Video game

Actually, It’s Good When Video Games Start With Your Character Waking Up – Kotaku


A whole lot of video games begin with your character waking up. It’s one of those things that you can’t stop noticing once you start. Most Zelda games start this way, as well as any number of classic role-playing games like Chrono Trigger. The awakening scene in The Elder Scrolls V: Skyrim is a popular meme. Modern games do it too; Outer Wilds starts out with your character waking up, and that’s also how every one of its in-game time loops begins. That’s not a bad thing. In fact it might be one of my favorite ways to start a video game.

One reason I like is is that it’s an inversion of how waking up works in real life. It signals the end of a dream; when a malleable subconscious world where anything weird, frightening or wonderful can happen comes to an end. But in video games? It’s the opposite. I didn’t know how The Legend of Zelda: Breath of the Wild was going to unfold for me the first time I played it, but I did know that Link and I were starting at the same place: sharply coming to consciousness of our surroundings, unaware of what lay ahead but fairly certain that we could expect anything. A stunning view, unexplained ruins, an incredible, intimidating electric dragon snaking its way through the air, indifferent to me and everything else. Again, most other Zelda games do this as well, with Link’s Awakening including an even more clear analogy between playing a game and having a dream.

I’m not someone who puts a lot of stock in dreams. I don’t tend to remember them; they’re usually just hazy flashes of something bizarre, unsettling, or aspirational. I also don’t think many games are particularly dreamlike. They’re often bound to the trappings of genre, full of conventions that make up the lingua franca of game design.

Seeing all these characters wake up in games makes me realize that I want games to surprise me in similar ways to dreams, to stump and confound me and leave me unsure of how I feel. Again: Most times, they don’t. Most times, they unfold the way things do when I wake up in real life: Pretty mundane, often annoying, with the occasional absurd plot twist.

Sometimes that mundanity is the point, even within the world of the game. Some games use the waking up sequence to teach you about their worlds and rules, with the natural dissonance of sliding into a fictional character’s life being a good opportunity to tutorialize you. It’s not as common to see in other media, but sometimes it’s used to powerful effect.
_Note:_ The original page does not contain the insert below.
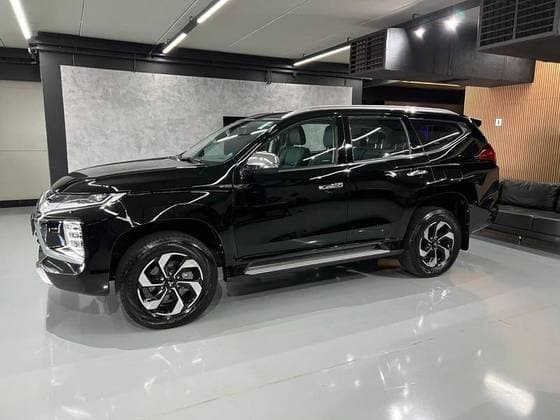 Carro 2.4 16V MIVEC TURBO DIESEL HPE-S AWD AUTOMÁTICO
The FX TV show Atlanta begins most episodes in its first season with its protagonist, Earn, waking up in very different circumstances. While the audience is eventually made aware of where he is, the show never really bothers to impart how he ended up there—nor does it explain any number of surreal events, like people who leave a nightclub in an invisible car. The result is a feeling of displacement, of always feeling a little out of your depth.

Sometimes I wish games would give me something like that, something less concrete. Like an invisible car pulling out of a nightclub.

But maybe it doesn’t really matter whether games resemble my waking or dreaming life more. Maybe I just need them to provide the same sort of cumulative hope that opening my eyes every morning represents. The idea that, if I do it enough times, maybe it’ll all add up to something worthwhile. And that if I fail this time, maybe I’ll get to do it again.